Problem: Let $ P $ be a partition on a real interval; $P=\{a=x_0<x_1<\cdots<x_n=b\}$. Suppose we have two Riemann integrable functions denoted $f$ and $r$.
Then $$\sum^n_{i=0} \sup\lvert fr\rvert(x)(x_i-x_{i-1}) \le \sqrt{\sum^n_{i=0} \sup f^2(x)(x_i-x_{i-1})} \sqrt{\sum^n_{i=0} \sup r^2(x)(x_i-x_{i-1})}.$$
Attempt: I took the infimum of the equation over all partitions to get
$$\lvert \int fr \,dt \rvert \le \int \lvert fr \rvert \,dt \le \sqrt{\int f^2 \,dt} \sqrt{\int r^2 \,dt}$$
I know the Cauchy-Schwarz inequality is useful in this proof; which says
$$\lvert \sum^n_{i=1} a_jb_j \rvert ^2 \le \sum^n_{j=1} \lvert a_j \rvert ^2 \sum^n_{j=1} \lvert b_j \rvert ^2 $$
But I'm having trouble identifying my $a_j$ and $b_j$ in this case.

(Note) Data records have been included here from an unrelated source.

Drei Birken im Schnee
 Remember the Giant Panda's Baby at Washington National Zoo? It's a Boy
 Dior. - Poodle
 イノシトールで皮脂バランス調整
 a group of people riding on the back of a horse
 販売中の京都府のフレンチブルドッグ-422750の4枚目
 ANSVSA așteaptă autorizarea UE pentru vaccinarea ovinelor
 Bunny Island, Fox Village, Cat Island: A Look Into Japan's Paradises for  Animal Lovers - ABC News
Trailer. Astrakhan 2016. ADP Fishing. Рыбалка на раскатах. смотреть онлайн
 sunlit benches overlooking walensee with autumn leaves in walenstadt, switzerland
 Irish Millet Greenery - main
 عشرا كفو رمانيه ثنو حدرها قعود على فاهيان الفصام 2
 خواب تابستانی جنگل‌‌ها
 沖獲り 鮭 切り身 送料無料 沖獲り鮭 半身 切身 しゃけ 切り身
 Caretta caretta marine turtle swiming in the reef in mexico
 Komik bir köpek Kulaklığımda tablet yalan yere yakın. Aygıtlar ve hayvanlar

hint: $\text{sup}|f\cdot r|(x_i-x_{i-1}) \leq \text{sup}|f|\sqrt{(x_i-x_{i-1})}\cdot \text{sup}|r|\sqrt{(x_i-x_{i-1})}$.
$a_i = \text{sup}|f|\sqrt{(x_i-x_{i-1})}, b_i = \text{sup}|r|\sqrt{(x_i-x_{i-1})}$